## Task description
From the line that contains "Organic Fitted Logo" to the last line of the data below, transcribe every line exactly. Do not include the pictures.

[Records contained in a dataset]
* * *

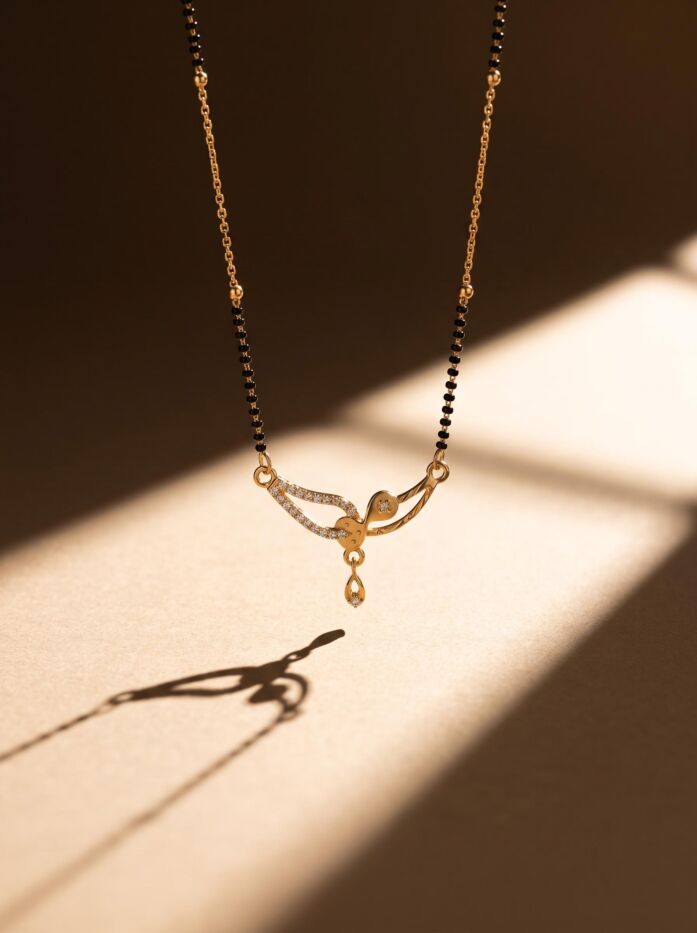 Golden Leaf Scroll Stone Pendant Black Bead Chain Mangalsutra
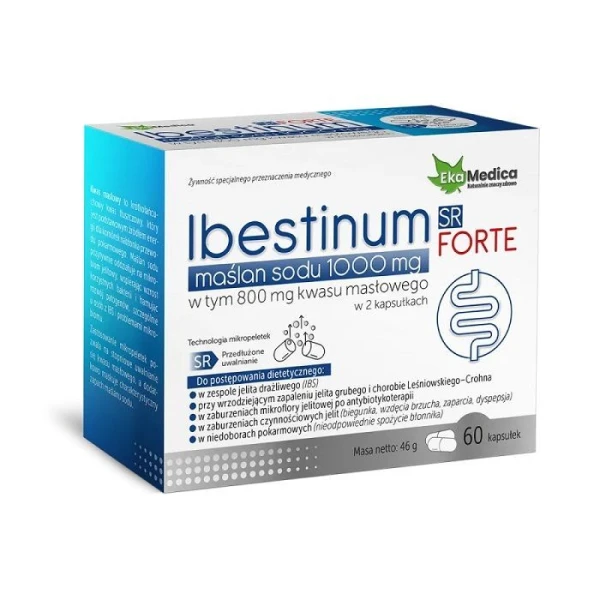 EkaMedica, Ibestinum SR Forte, maślan sodu 1000mg, 60 kapsułek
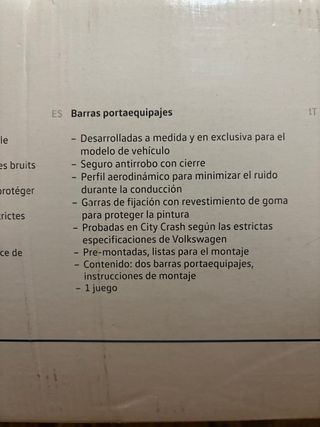 Barras de techo portaequipajes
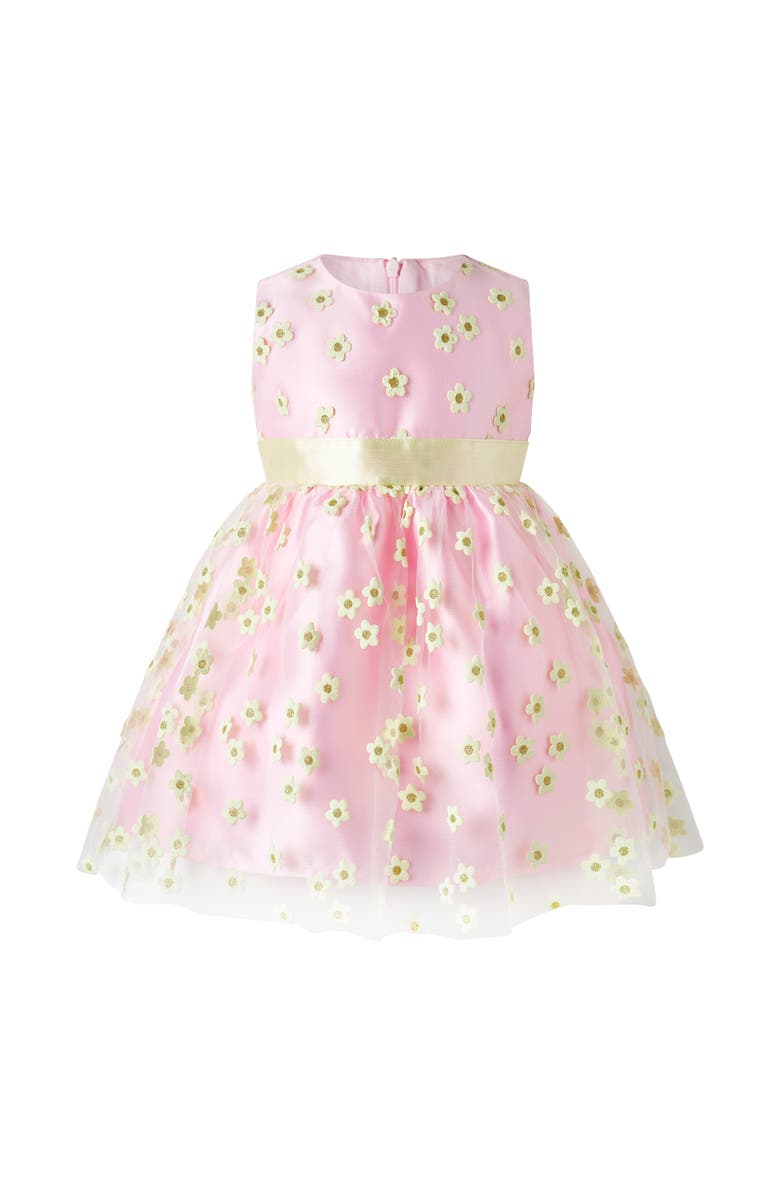 Rachel Riley 3D Daisy Tulle Party Dress, Main, color, Pink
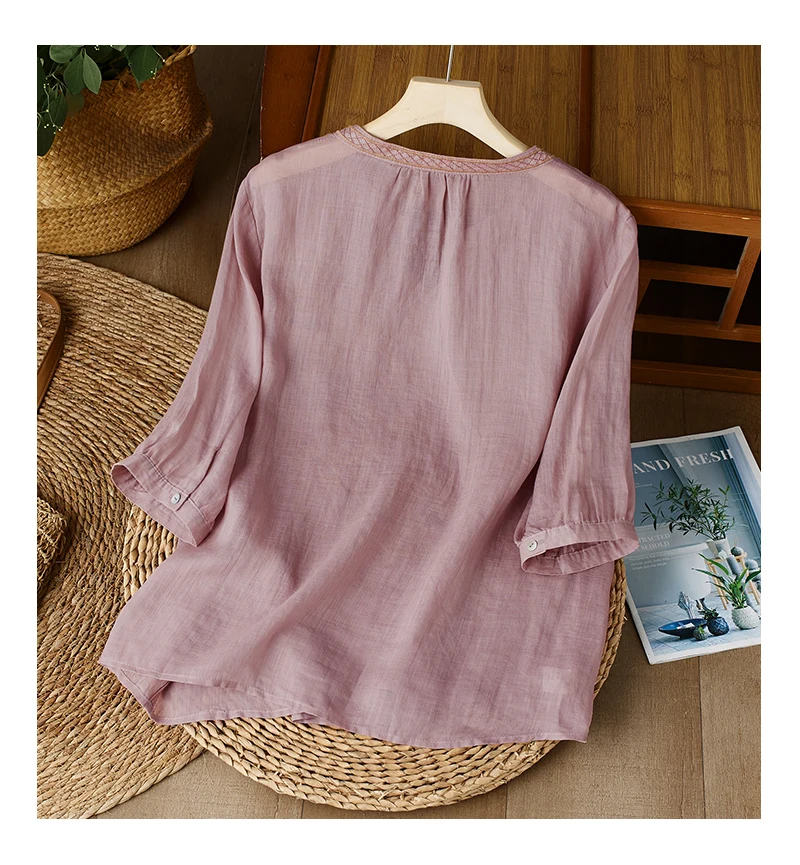 Embroidery Chinese Style Women Blouses Summer Cotto Linen Tops Loose Short Sleeve Clothing Sales V-neck Korean Women's Shirts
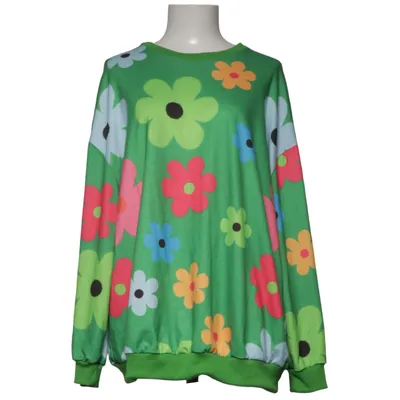 Sweatshirt (Green, Multicolored) from Shein Curve Elastane, Polyester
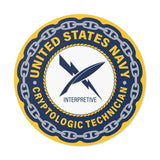 Navy Cryptologic Technician (CTI) Round Vinyl Stickers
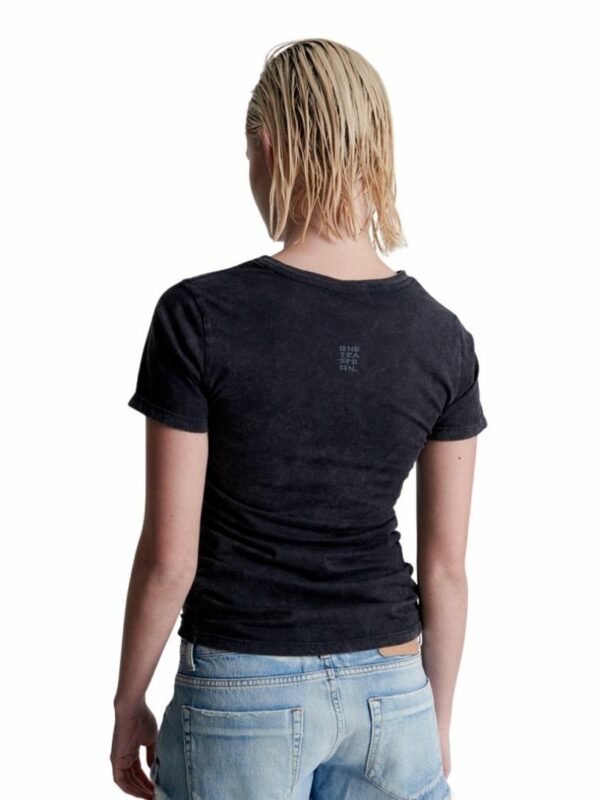 Organic Fitted Logo Tee Womens Tops Colour is Black Acid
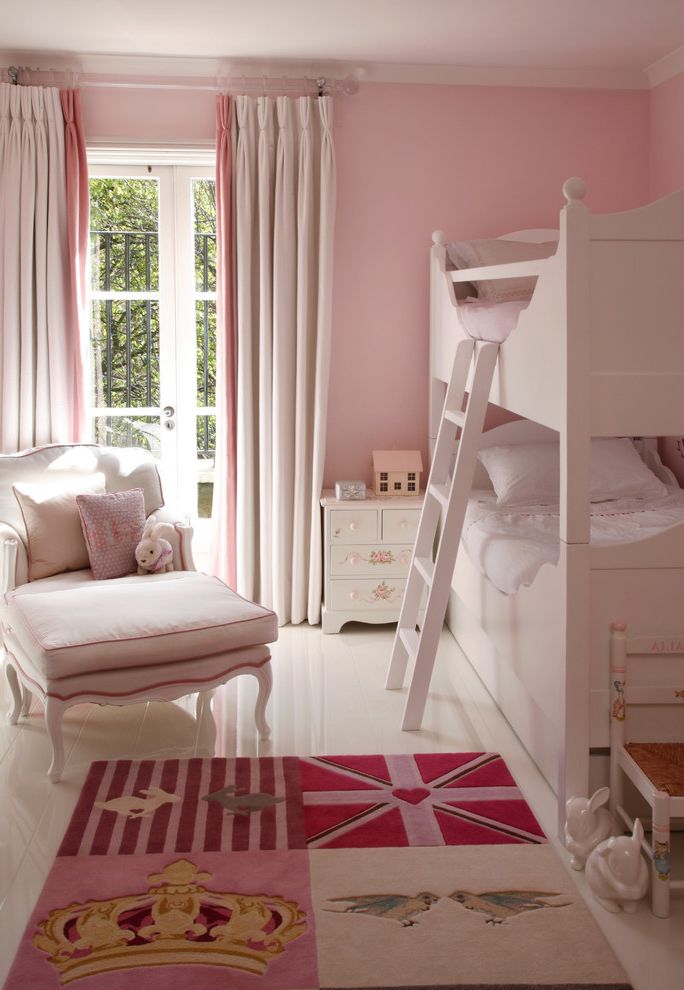 Ralph Lauren Rugs Home Goods with Victorian Kids Also Bed Bunk Bed Bunk Beds Chaise Longue Children Bedroom Curtains Kids Bedroom Kids Bedrooms Kids Rooms Ladder Mixed Rug Pink Pink Bedroom Pink Walls Slippers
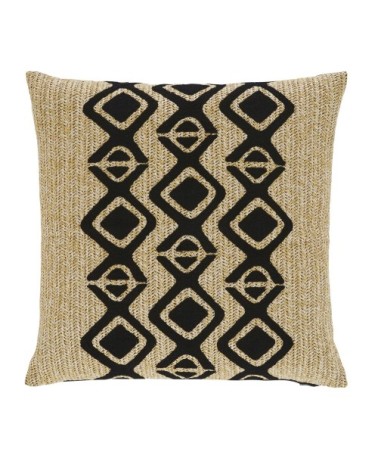 Coussin tissé en polypropylène beige broderie noire 45x45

* * *

## Result of the exercise
 Organic Fitted Logo Tee Womens Tops Colour is Black Acid
 Ralph Lauren Rugs Home Goods with Victorian Kids Also Bed Bunk Bed Bunk Beds Chaise Longue Children Bedroom Curtains Kids Bedroom Kids Bedrooms Kids Rooms Ladder Mixed Rug Pink Pink Bedroom Pink Walls Slippers
 Coussin tissé en polypropylène beige broderie noire 45x45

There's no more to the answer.